How has architectural education as a whole
changed over the course of your career?
Now faculty members are expected to be practitioners and teachers who are accountable for their work. Students are coming into the program now with amazing credentials. I'm a college student of the late ’60s and early ’70s, the supposed cultural revolution, and I can tell you that was more a period of chaos than it was of clarity. There is greater clarity today. These students want to be socially involved and the faculty is prepared to give them the tools to be socially involved. There is a greater [emphasis] on preparing people to enter a dynamic profession than there was before. That’s why the future of the profession is so exciting.
How has the shift in the diversity of
architecture students changed the way that the discipline is taught?
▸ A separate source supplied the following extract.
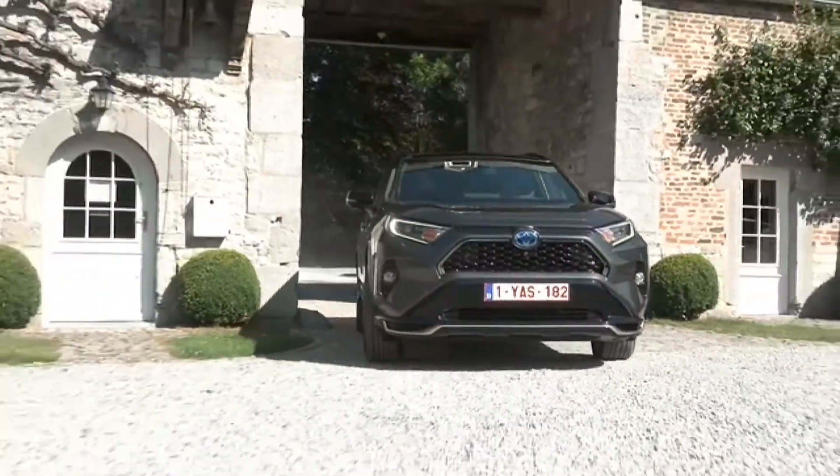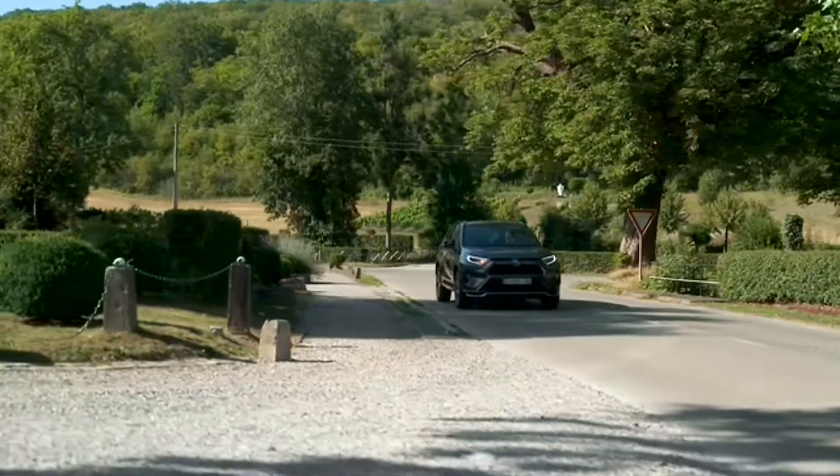Thank you for watching this video about the Toyota RAV4 Plug-in Hybrid.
There are more women studying and the diversity of the population [is growing]. At a moment in time after 2008, architectural education was challenged in such a vital way as to whether it was relevant to the future or not. What we see now is an architectural education where faculty and students are acutely aware that there is no single way to practice architecture. … [Young people] are seeking different ways of practicing. Some are practicing with artists; others are practicing with social activists. We’re at an exciting moment in time. I think the model at NewSchool gives the freedom to be responsive to that kind of profession in a much more agile way. That’s frankly one of the reasons why I came to NewSchool. I'm not one of those people who will tell you that architecture is dead—I believe it’s more vital now than it ever has been. We just have to make our case, be strong, and make people understand how important designers are to the future of our culture.
What inspires your passion for
architecture and architectural education?
As architects and designers, we have such a special way of seeing the world. What we do is valuable to the rest of the world—we need to be aware of that as an architecture profession. When I was AIA National president, I saw this passion for the future of our culture, cities, and environment. We should promote that and be proud of that. The people who enter these professions want to make the world better and enhance people’s lives. It isn’t really architecture until people live and work in it. It’s not really architecture until those lives are improved somehow. That’s my fundamental commitment to what I'm doing.
Note: This interview has been edited for clarity and length.